Le mercure est retrouvé sous deux formes, ces différentes formes s’échangeant en permanence :

  • Le mercure métallique ou inorganique, lui-même réparti sous trois formes distinctes :
    • mercure métallique élémentaire, de forme liquide à température ambiante ;
    • mercure gazeux, inhalé par l’organisme, transformé en forme ionisée par les catalases des globules rouges, pouvant ainsi circuler dans le sang ;
    • mercure ionique, transformé en mercure organique dans les intestins ou le sang par l’action d’enzymes ou de micro-organismes, selon l’acidité et la présence de soufre ou de chlore.
  • Le mercure organique (méthylmercure, diméthylmercure), constitué par du mercure inorganique associé avec des molécules carbonées présentes chez les êtres vivants.

Intoxication mercure : effets sur la santé

Les principales voies d’intoxication sont surtout l’ingestion et l’inhalation, la pénétration par voie cutanée étant plus rare. Les manifestations concernent les poumons, les reins, le système nerveux, le tube digestif, le système immunitaire, et la peau.

Les symptômes neurologiques sont divers et comportent des tremblements, des troubles cognitifs et psychiatriques, des maux de tête, des insomnies, une altération de l’audition, ou encore des difficultés d’élocution. Les troubles digestifs sont définis par des vomissements, des diarrhées et des douleurs abdominales.

Le mercure passe la barrière placentaire et se concentre dans le lait maternel. Le fœtus est particulièrement sensible aux effets du mercure, en particulier sur le plan neurologique.

Intoxication au mercure : les signes

Il existe des tests permettant de quantifier la quantité de mercure dans la salive, le sang, les urines et les cheveux. Chez l’adulte, les risques de toxicité apparaissent à 50 µg/g d’urine. Les premiers effets d’une intoxication se manifestent à partir de 100 µg/L de sang, les symptômes neurologiques apparaissant vers 200-500 µg/L de sang.

Selon l’OMS, la dose hebdomadaire tolérable provisoire préconisée est de 5 µg/kg (à réduire chez la femme enceinte ou allaitante) ce qui correspond à environ 300 µg de mercure total par semaine. Il faut souligner que 200 µg de mercure organique correspond à 200 g de poisson par semaine soit un repas contenant du poisson contenant 1 µg de mercure.

Concernant les amalgames, la dose quotidienne liée aux vapeurs serait de 3,8 à 21 µg donc inférieure à la valeur limite de 300 µg/semaine.
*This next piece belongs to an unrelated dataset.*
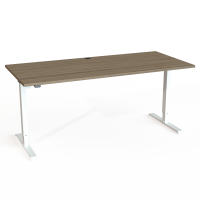 Hæve-/sænkebord | 180x80 cm | Valnød med hvidt stel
Toutefois, des effets indépendants des doses ne peuvent être exclus et le risque augmente en cas de multiples amalgames.

Limiter l’intoxication au mercure

Outre les mesures de politique environnementale de limitation des émanations de mercure, chacun peut adopter des mesures de prévention contre l’intoxication au mercure :

  • Il est conseillé de limiter la consommation d’aliments à risque comme les crustacés, les poissons d’eau douce et les poissons gras des mers. Il semble judicieux de griller les poissons et de jeter le jus de cuisson, le mercure étant stocké dans les tissus graisseux.
  • En cas de bris d’appareil à teneur en mercure ou de lampe à économie d’énergie, il faut aérer la pièce, éviter d’utiliser un aspirateur mais plutôt ramasser le mercure avec une feuille (ou une bande adhésive si le mercure est sous forme de poudre), et le placer dans un bocal fermé à rapporter dans un point de vente.
  • Enfin, il vaut mieux différer la pose et la dépose d’amalgames au mercure chez la femme enceinte.
À noter

Les traitements reposent sur des chélateurs qui se lient au mercure et permettent son élimination.